New York, NY (March 22, 2006) – A new survey, released today by the Association of National Advertisers (ANA) and Forrester Research, Inc. (Nasdaq: FORR), found that 78% of advertisers feel that traditional television advertising has become less effective in the past two years. The survey also found that marketers are exploring emerging technologies to help bolster their television advertising spend.

The joint survey asked 133 national advertisers about their attitudes towards TV advertising and what impact new technologies, such as digital video recorders (DVRs) and video-on-demand, will have on their TV advertising budgets. Those surveyed represent more than $20 billion worth of advertising, including marketers from Charles Schwab, Colgate, Dunkin’ Donuts, Johnson & Johnson, Mattel, Pfizer, and Verizon.

“As DVRs look to climb above 30 million households in the next three years, advertisers are finding themselves forced to reconsider their media mix,” said Josh Bernoff, Vice President, Forrester Research, who presented the findings today at the ANA Television Advertising Forum in New York. “Television networks continue to publish research that traditional TV advertising is potent as ever, but national advertisers aren’t buying it and are seeking alternatives to enhance their budgets and move them beyond the customary 30-second spot.”

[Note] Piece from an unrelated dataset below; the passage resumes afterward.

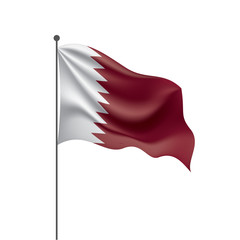 Qatar flag, vector illustration on a white background
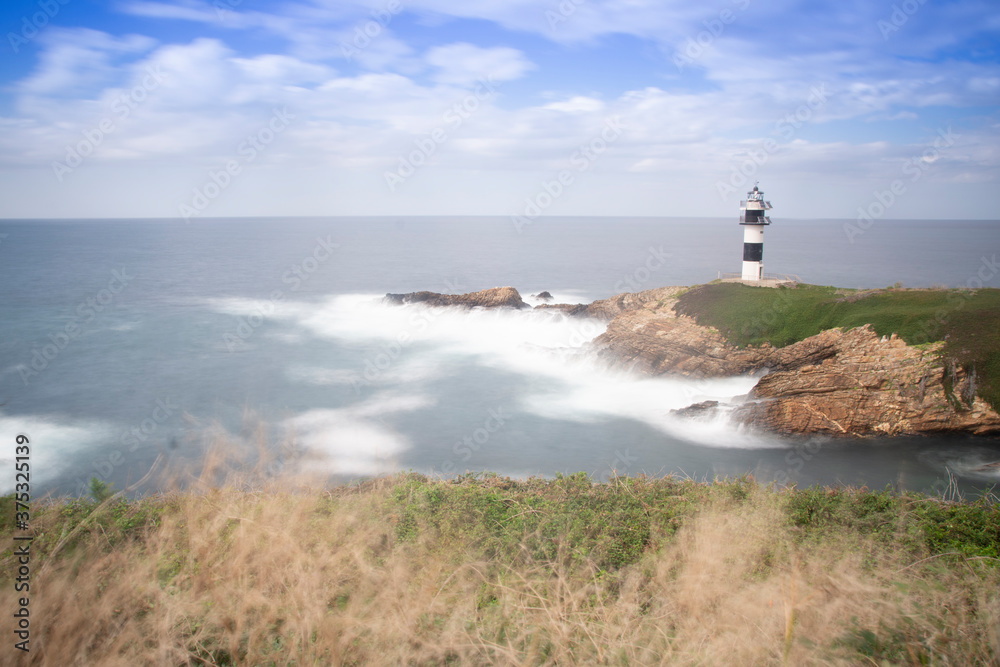 lighthouse in isla pancha,asturias (spain)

Key highlights of the ANA/Forrester survey include:

– Almost 70% of advertisers think that DVRs and video-on-demand will reduce or destroy the effectiveness of traditional 30-second commercials.

– When DVRs spread to 30 million homes, close to 60% of advertisers say that they will spend less on conventional TV advertising; of those, 24% will cut their TV budgets by at least 25%.

– While 55% say that their top executives are closely watching changes in TV advertising, most advertisers have not experimented with advertising on DVRs (49%) or video-on-demand (44%).

– Eighty percent of advertisers will spend more of their advertising budget on Web advertising and 68% of advertisers will look to search engine marketing.

– Advertisers are also looking at alternatives to traditional TV advertising and will spend more of their advertising budgets on: branded entertainment within TV programs (61%); TV program sponsorships (55%); interactive advertising during TV programs (48%); online video ads (45%); and product placement (44%).

– Ninety-seven percent of advertisers agree that the TV industry will need new audience metrics – other than reach and frequency – to report commercial ratings, not just program ratings to effectively measure TV advertising.

“The television industry as we have known it may be challenged on a number of fronts, but continues to attract a significant media investment by ANA marketers,” said Bob Liodice, President and CEO of the ANA. “As new and traditional media alternatives compete more aggressively for a share of the media pie, and marketers look to improve consumer targeting, reduce costs and enhance accountability, television is aggressively responding. With technology-based advances in addressability, enhanced television options, Internet convergence (IPTV) and branded entertainment opportunities, television is likely to continue as the dominant part of the marketing mix.”